* _What is expected_
Only an exact repetition of the lines from the one holding "prosthetic leg, The" to the end of the data is wanted, with pictures left out.

* _Data for the task_
------------------------

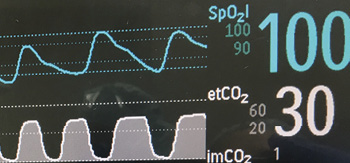 オピオイド誘発性呼吸抑制のモニタリング Anesthesia Patient Safety Foundation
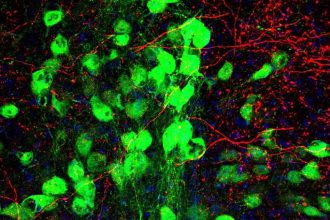 Tourette’s And OCD Overlap, And a Newly Discovered Brain Link May Explain Why : ScienceAlert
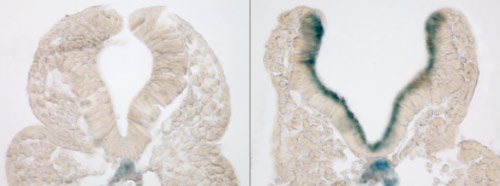 Markers of premature aging (blue) are found in the neural tubes of mouse embryos from mothers with diabetes (right), and not in embryos from healthy mothers (left). Credit: Peixin Yang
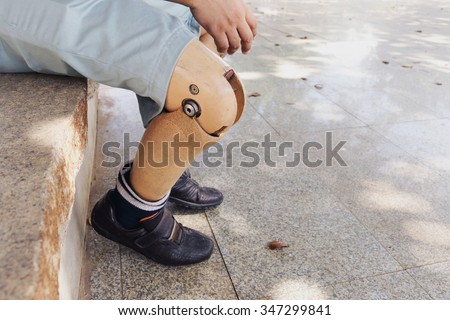 prosthetic leg, The poor amputee with his old prosthesis using Royalty-Free Stock Photo #347299841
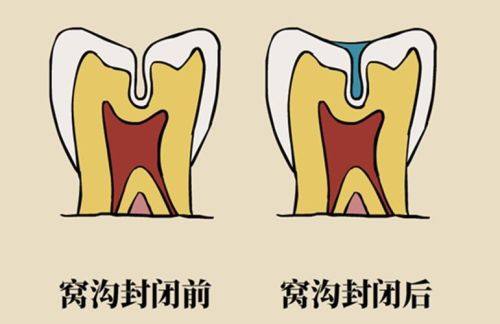 窝沟封闭与其他防龋方法的比较
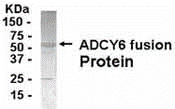 ADCY6 Antibody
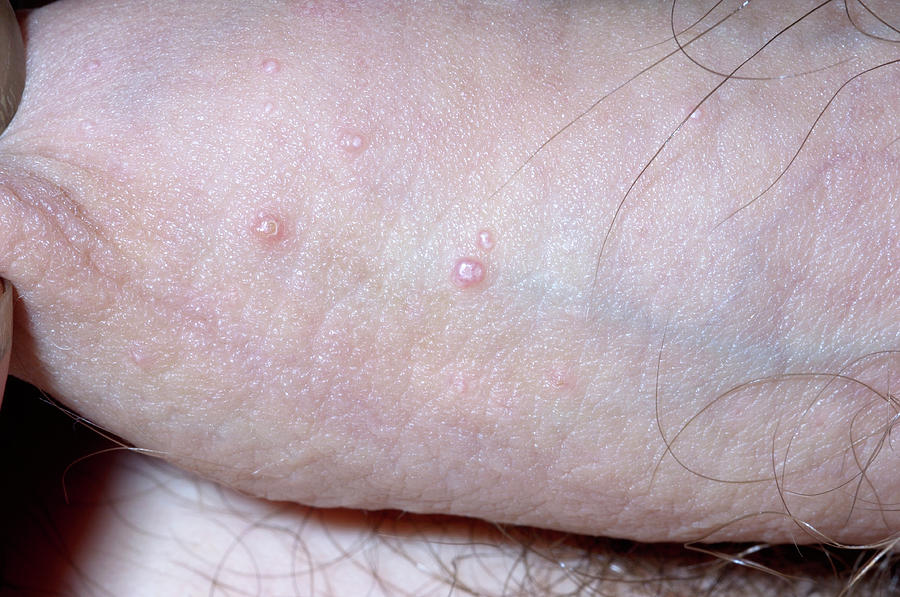 molluscum contagiosum on the penis Xxx blue-ray movies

------------------------

* _Exercise output_
 prosthetic leg, The poor amputee with his old prosthesis using Royalty-Free Stock Photo #347299841
 窝沟封闭与其他防龋方法的比较
 ADCY6 Antibody
 molluscum contagiosum on the penis Xxx blue-ray movies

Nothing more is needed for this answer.